ENTRIES SUPPLIED:
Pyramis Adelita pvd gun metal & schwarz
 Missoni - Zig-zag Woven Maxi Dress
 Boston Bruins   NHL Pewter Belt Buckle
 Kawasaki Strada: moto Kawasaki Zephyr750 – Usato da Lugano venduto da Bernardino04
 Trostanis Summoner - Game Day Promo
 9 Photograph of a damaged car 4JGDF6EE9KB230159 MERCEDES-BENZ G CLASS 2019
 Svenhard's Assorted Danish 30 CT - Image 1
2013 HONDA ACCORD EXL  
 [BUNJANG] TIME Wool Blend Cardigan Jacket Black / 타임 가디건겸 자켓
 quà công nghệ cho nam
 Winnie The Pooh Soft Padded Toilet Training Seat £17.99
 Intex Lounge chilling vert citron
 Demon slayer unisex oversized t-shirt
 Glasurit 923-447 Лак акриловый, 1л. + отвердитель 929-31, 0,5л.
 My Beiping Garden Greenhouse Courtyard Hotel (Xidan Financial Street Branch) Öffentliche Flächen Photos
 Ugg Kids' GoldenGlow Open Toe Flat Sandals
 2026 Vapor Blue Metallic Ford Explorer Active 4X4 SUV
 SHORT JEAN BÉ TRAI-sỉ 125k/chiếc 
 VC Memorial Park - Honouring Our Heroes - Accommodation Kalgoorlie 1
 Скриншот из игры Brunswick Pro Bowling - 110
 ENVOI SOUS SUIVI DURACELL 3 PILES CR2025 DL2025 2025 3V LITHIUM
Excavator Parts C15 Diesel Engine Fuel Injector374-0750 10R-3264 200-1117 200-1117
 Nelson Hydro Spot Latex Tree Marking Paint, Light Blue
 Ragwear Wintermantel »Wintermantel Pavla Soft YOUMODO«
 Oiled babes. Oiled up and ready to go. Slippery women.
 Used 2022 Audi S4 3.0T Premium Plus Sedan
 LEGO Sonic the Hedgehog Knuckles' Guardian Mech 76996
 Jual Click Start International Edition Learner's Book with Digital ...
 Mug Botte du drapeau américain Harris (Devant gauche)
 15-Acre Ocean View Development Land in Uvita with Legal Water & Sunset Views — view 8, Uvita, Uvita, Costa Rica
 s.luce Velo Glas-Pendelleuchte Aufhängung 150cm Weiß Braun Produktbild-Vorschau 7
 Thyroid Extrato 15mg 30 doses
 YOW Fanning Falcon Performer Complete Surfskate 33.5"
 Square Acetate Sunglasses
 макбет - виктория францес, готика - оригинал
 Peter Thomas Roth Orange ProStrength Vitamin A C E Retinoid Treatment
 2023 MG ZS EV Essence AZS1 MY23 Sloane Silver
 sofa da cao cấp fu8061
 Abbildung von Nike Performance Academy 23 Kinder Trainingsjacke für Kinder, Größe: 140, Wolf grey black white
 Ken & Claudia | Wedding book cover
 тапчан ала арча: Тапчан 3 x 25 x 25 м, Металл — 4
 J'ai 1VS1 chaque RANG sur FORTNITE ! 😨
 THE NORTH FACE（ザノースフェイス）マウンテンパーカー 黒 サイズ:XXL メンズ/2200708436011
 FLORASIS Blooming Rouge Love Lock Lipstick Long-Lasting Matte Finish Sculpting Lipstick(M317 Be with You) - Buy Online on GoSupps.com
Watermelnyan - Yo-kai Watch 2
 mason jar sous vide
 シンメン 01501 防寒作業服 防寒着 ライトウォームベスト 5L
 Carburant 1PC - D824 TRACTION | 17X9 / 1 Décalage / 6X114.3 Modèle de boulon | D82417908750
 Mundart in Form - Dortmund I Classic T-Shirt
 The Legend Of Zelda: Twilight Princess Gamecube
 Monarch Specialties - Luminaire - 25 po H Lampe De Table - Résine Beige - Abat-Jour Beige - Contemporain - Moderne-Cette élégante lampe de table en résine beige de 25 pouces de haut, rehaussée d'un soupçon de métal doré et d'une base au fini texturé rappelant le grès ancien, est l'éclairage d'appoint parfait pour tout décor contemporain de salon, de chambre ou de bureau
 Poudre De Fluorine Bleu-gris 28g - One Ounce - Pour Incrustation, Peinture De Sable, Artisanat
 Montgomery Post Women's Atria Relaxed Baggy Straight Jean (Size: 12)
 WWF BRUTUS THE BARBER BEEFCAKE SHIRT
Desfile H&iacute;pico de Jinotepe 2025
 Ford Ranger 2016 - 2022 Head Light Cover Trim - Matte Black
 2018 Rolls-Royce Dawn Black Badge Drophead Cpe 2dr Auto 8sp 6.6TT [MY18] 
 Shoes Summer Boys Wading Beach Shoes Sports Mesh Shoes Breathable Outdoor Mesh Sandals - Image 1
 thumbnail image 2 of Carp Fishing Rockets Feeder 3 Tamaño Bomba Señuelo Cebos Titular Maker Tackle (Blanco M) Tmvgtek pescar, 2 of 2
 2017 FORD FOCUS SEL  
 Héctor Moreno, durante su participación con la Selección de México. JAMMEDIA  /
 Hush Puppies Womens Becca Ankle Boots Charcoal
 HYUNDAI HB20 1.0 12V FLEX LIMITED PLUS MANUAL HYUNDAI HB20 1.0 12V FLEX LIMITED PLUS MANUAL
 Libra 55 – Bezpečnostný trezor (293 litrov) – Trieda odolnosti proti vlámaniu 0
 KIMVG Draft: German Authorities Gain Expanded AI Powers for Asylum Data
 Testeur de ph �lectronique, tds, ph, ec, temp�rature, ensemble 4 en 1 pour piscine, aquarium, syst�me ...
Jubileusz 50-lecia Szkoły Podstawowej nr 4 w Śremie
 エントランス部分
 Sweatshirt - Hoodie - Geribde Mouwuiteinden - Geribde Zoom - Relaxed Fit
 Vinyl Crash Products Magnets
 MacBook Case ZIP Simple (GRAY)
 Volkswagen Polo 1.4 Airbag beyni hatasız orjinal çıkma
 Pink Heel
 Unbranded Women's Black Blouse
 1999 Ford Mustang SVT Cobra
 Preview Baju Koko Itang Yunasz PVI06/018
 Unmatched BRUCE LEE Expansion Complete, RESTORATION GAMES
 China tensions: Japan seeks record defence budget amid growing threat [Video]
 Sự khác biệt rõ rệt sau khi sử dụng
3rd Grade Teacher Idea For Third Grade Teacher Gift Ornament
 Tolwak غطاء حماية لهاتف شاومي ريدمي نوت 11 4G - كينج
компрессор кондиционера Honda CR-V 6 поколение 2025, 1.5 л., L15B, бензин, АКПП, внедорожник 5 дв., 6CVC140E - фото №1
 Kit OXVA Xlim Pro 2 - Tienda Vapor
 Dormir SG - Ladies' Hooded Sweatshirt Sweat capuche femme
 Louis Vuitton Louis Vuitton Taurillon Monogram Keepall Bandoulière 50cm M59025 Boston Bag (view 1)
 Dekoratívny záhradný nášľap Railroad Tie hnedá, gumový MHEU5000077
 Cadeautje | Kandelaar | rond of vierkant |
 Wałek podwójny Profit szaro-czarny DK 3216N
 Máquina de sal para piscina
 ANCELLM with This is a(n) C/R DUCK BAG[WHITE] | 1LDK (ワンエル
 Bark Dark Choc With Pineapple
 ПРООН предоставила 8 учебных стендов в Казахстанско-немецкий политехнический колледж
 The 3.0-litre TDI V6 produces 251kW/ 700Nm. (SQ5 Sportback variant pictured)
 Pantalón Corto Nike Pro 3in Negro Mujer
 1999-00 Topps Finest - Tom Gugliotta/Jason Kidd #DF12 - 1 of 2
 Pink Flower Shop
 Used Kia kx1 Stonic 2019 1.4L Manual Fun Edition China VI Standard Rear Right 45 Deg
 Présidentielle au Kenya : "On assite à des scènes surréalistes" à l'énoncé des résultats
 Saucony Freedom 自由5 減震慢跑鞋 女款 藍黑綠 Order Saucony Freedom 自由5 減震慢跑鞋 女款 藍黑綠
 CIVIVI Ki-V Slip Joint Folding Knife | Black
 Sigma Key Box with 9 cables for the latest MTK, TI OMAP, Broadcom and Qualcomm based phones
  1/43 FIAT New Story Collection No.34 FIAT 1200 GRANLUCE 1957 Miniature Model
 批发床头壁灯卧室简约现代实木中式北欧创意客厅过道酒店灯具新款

DIRECTIONS: The output should be exactly the lines above from the line containing "2013 HONDA ACCORD EXL" to the line containing "My Beiping Garden", inclusive, with no other lines.

PROBLEM SOLUTION:
2013 HONDA ACCORD EXL  
 [BUNJANG] TIME Wool Blend Cardigan Jacket Black / 타임 가디건겸 자켓
 quà công nghệ cho nam
 Winnie The Pooh Soft Padded Toilet Training Seat £17.99
 Intex Lounge chilling vert citron
 Demon slayer unisex oversized t-shirt
 Glasurit 923-447 Лак акриловый, 1л. + отвердитель 929-31, 0,5л.
 My Beiping Garden Greenhouse Courtyard Hotel (Xidan Financial Street Branch) Öffentliche Flächen Photos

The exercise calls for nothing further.